For Amazon, it’s more about disrupting banks, not necessarily displacing them.
To date, the Seattle-based e-commerce giant has a foot in payments, cash, small business lending, consumer credit and an initiative to get people to shop with Amazon using their debit cards. Research also shows millennials have no love for traditional banks and would rather manage their money with a more reliable and “fun” brand like Amazon or even Facebook or WeChat, but that’s just 23 percent.
Still, observers agree that trend is a little sensationalized; that although we’re seeing an Amazonification of financial services — whereby the incumbent banks are platforms for all other non-bank providers of financial services to plug into — legacy firms aren’t actually losing accounts to Amazon. But, they are losing direct interactions with customers. For example, USAA and Capital One are both experimenting with Amazon’s digital assistant Alexa as a new consumer banking channel.
“The threat is not about [technology companies] taking market share, it’s that they become the customer interface and the banks become the ingredient brand,” said Alyson Clarke, a principal analyst at Forrester. “When you lose that connection with your end customer, you’re simply a no-name product manufacturer. And when you no longer have brand, the only things you have left to compete on are price and features.”
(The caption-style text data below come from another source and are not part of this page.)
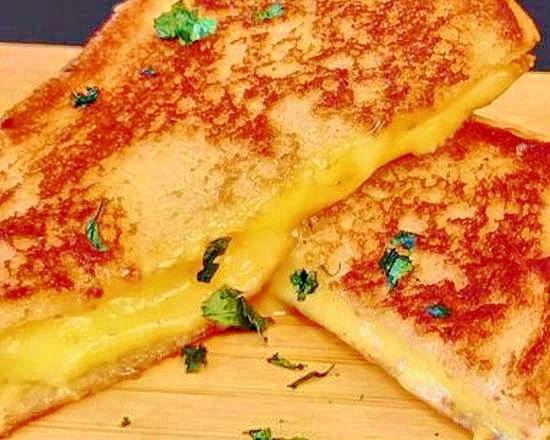 "The Mouse Trap" Grilled Cheese Sandwich and Fries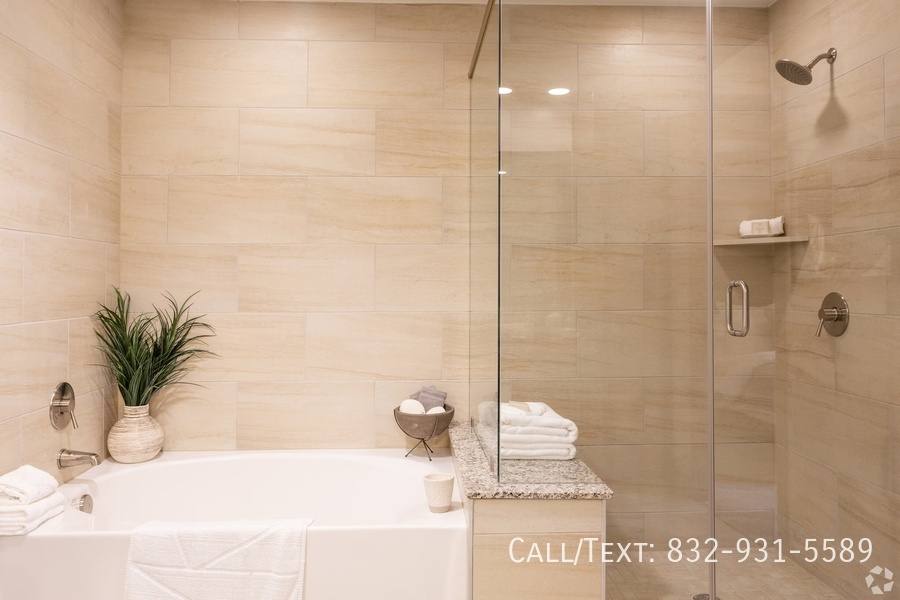 Apartment for rent at 966 Bunker Hill Rd #MAMC, Houston, TX 77024
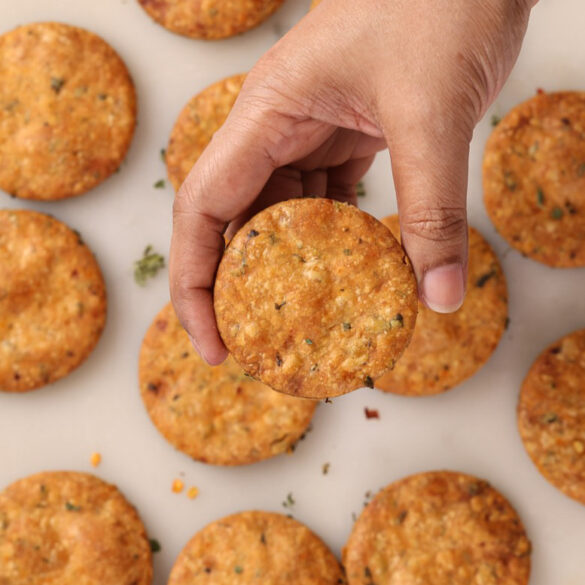 Methi Puri Crackers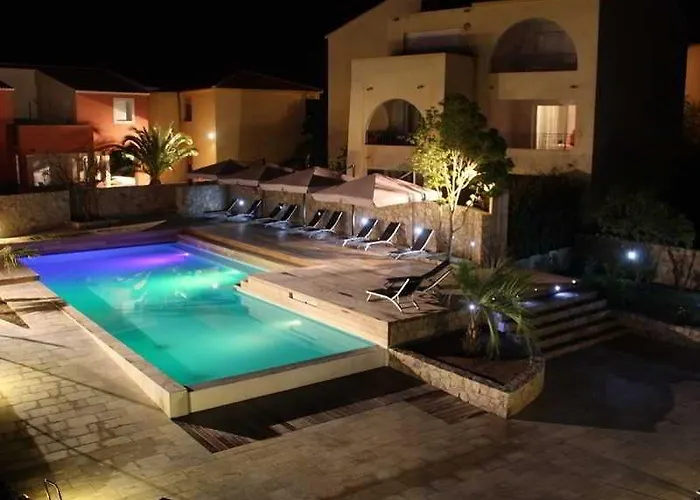 Les Alizes & Aparthotel 3*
Further, large technology firms are becoming more and more operationally important to the financial system, particularly as companies move their data to cloud storage and increase opportunities for consumer facing artificial intelligence, according to Jesse McWaters, the World Economic Forum’s project lead on disruptive innovation in financial services.
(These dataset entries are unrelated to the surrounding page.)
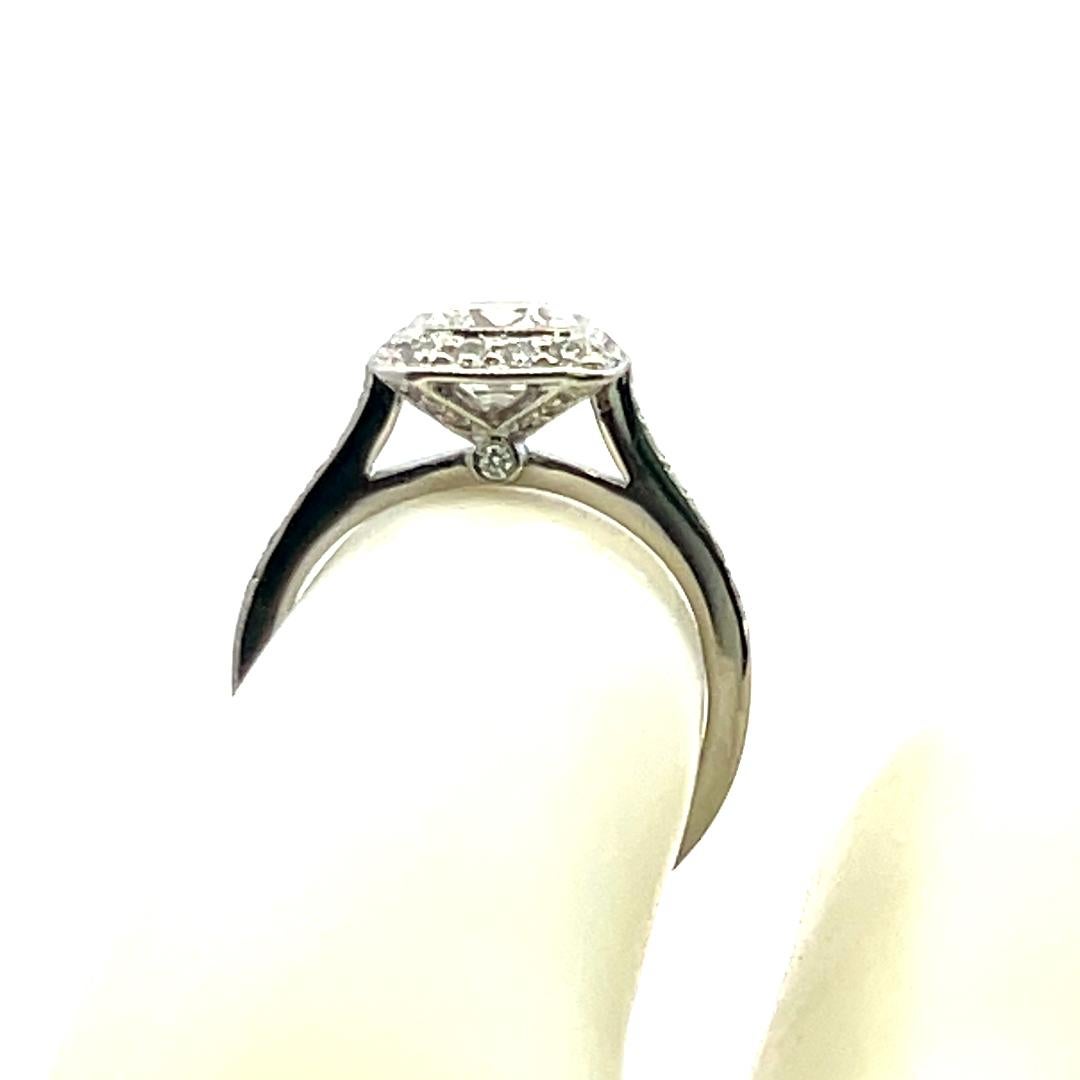 Tiffany & Co. 1,01 Carati Cuscino Brillante F VVS2 Diamante in Platino Anello aureola in vendita 5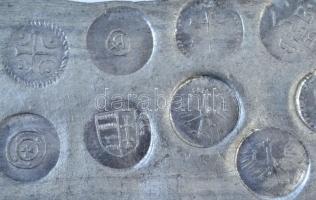 Ritka pénzek modern lecsapatai, hat darab fémlemezen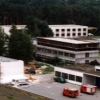 Neubau des Lehrsaalgebäudes 2 und Aufstockung des Hauptgebäudes (1995)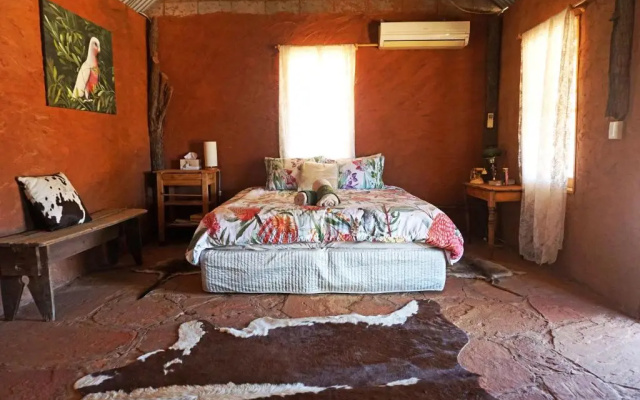 Ooraminna Station Homestead – Guest Rooms – Alice Springs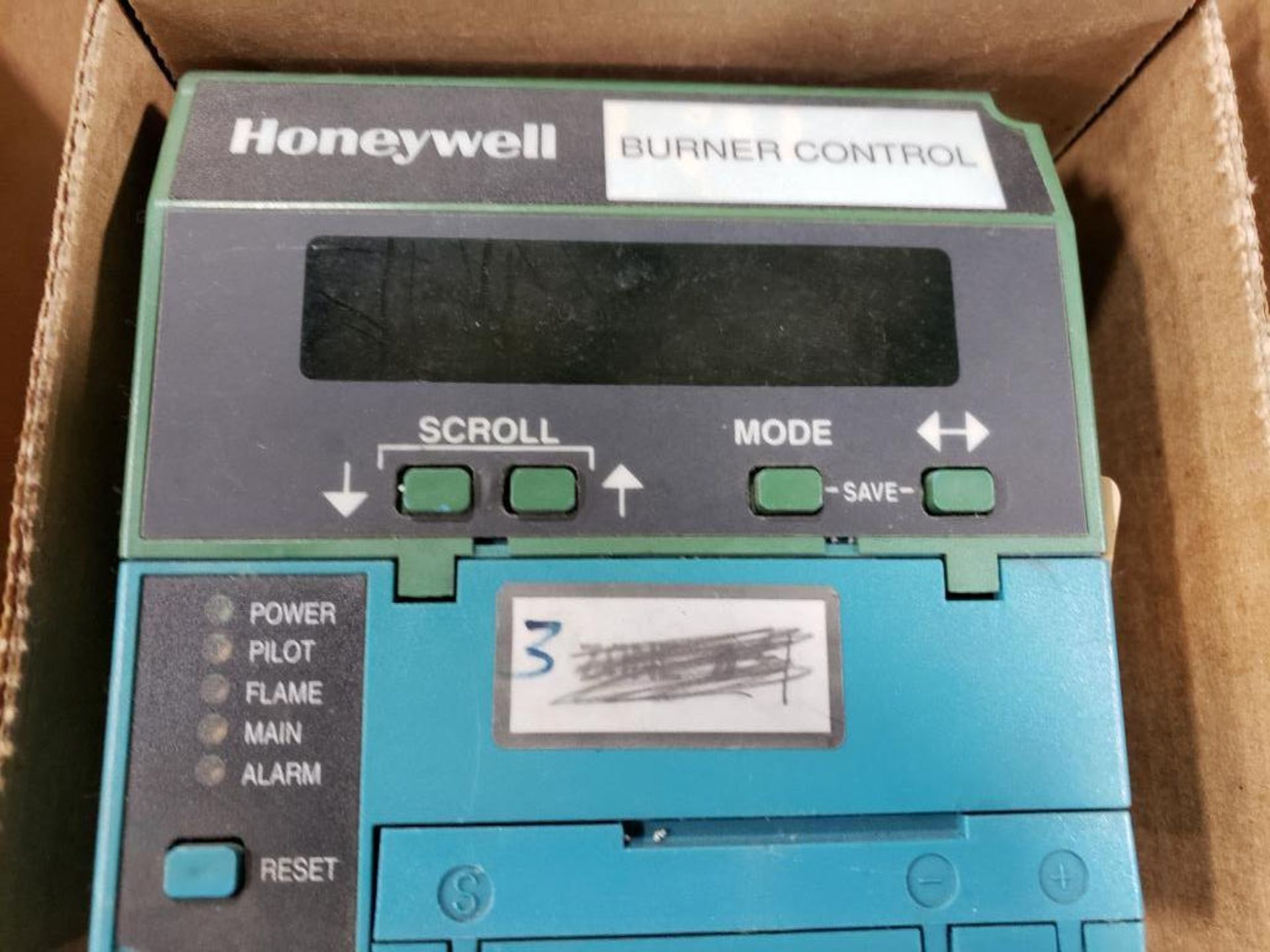 Qty 2 - Honeywell RM7890 burner control unit. - Image 2 of 7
“Three or four years ago it was common for senior banking executives to fairly declaratively say they would never move systems off premises, and now it’s becoming increasingly important for data to be processed in the cloud,” he said.
The real threat of Amazon
Banks these days look like technology companies — one impetus is companies like Amazon and Facebook raising the bar for digital customer experiences; another is that legacy financial firms are embracing an open API banking system, as they realize their customers like using third-party fintech apps.
These shifts have led them to realize the importance of data security features — encrypting, monitoring and tracking access points. As a result, financial institutions of all sizes are becoming more dependent on cloud‐based infrastructure provided by companies like Amazon, Oracle and IBM to scale and deploy processes, according to a report published by the World Economic Forum (WEF) and Deloitte. Ultimately, that could force them to relinquish some of their control over costs — and data.
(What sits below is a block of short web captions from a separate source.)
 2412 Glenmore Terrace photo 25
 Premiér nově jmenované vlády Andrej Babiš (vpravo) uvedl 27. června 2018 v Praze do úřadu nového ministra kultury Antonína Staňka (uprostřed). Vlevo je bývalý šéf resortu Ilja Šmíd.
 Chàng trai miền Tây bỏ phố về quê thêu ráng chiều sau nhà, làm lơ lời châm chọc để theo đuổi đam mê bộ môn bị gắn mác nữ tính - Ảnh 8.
“The rise of digital interfaces and data in financial institutions means that those institutions increasingly focus on developing large tech capabilities, which is accompanied by an increased reliance on large tech firms,” the WEF says, which leads to “tough choices for all firms: become dependent on large techs or risk falling behind.”
Amazon has the cloud computing advantage today. The WEF report says AWS is forming the backbone of the financial services ecosystem and Gartner ranks it as the leader in cloud infrastructure, followed by Microsoft Azure and Google Cloud. AWS sales increased 42 percent on a year-over-year basis to $4.1 billion for the second quarter, Amazon reported last month.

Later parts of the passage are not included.